Submissions are open for the 2021 Louise Meriwether First Book Prize, presented by the Feminist Press and TAYO Literary Magazine. “Granted to a manuscript that follows in the tradition of Meriwether’s Daddy Was a Number Runner, one of the first contemporary American novels featuring a young Black girl as the protagonist,” the prize honors a debut work of prose by a woman of color or a nonbinary author of color. The winning writer will receive $5,000 and publication of their book by the Feminist Press in the spring of 2021.

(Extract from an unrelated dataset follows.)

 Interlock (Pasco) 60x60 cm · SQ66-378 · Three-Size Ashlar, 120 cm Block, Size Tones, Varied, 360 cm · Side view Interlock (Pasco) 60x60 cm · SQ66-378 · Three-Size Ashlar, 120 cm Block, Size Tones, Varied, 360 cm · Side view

To submit, email a work of fiction or narrative nonfiction between 30,000 to 80,000 words and a cover letter by June 30. There is no entry fee. Feminist Press executive director and publisher Jamia Wilson, TAYO Literary Magazine editor in chief Lis P. Sipin-Gabon, author and professor Bridgett M. Davis, and past prize winner Melissa Valentine will judge. Visit the website for complete guidelines.

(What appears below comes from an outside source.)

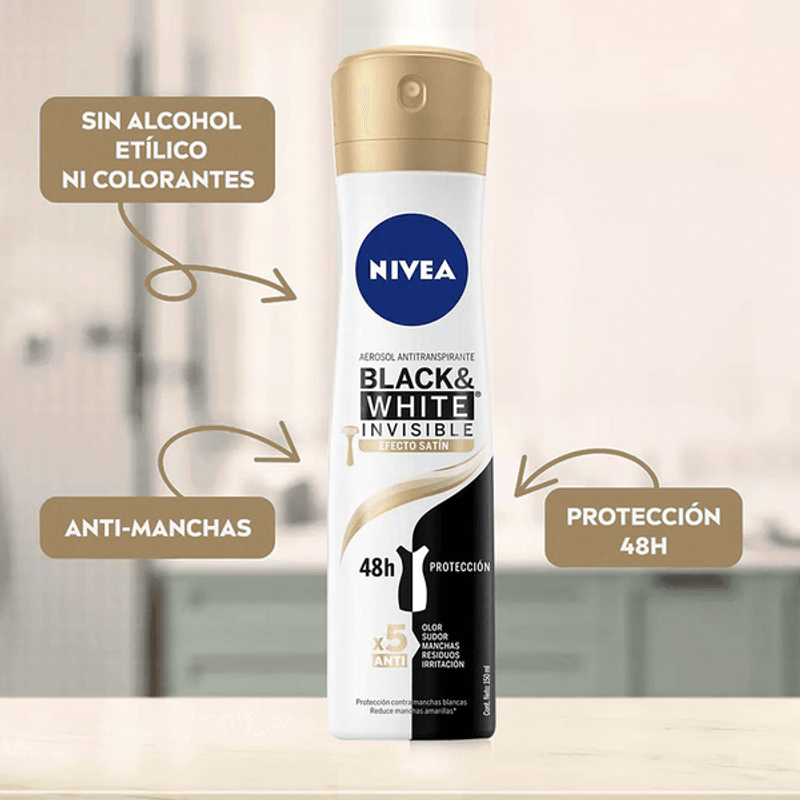Antitranspirante Black & White Invisible Satin 150ml Nivea 3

Louise Meriwether is the author of several books and is also a journalist, antiwar activist, professor, and essayist. She has been a member of the Harlem Writers Guild since its beginning, and has won grants from the National Endowment for the Arts and the Mellon Foundation. Meriwether received a lifetime achievement award in 2016 from the Before Columbus Foundation. That same year Gale Brewer, the Manhattan borough president, declared May 8 to be Louise Meriwether Appreciation Day. In celebration of the impact of Meriwether’s literary career, the prize furthers her “legacy of telling much-needed stories that shift culture and inspire new writers.” Finalists for the first book prize will be notified in October of this year, and the winner will be announced in March 2021. Past prize winners include YZ Chin, Claudia D. Hernández, and Cassandra Lane.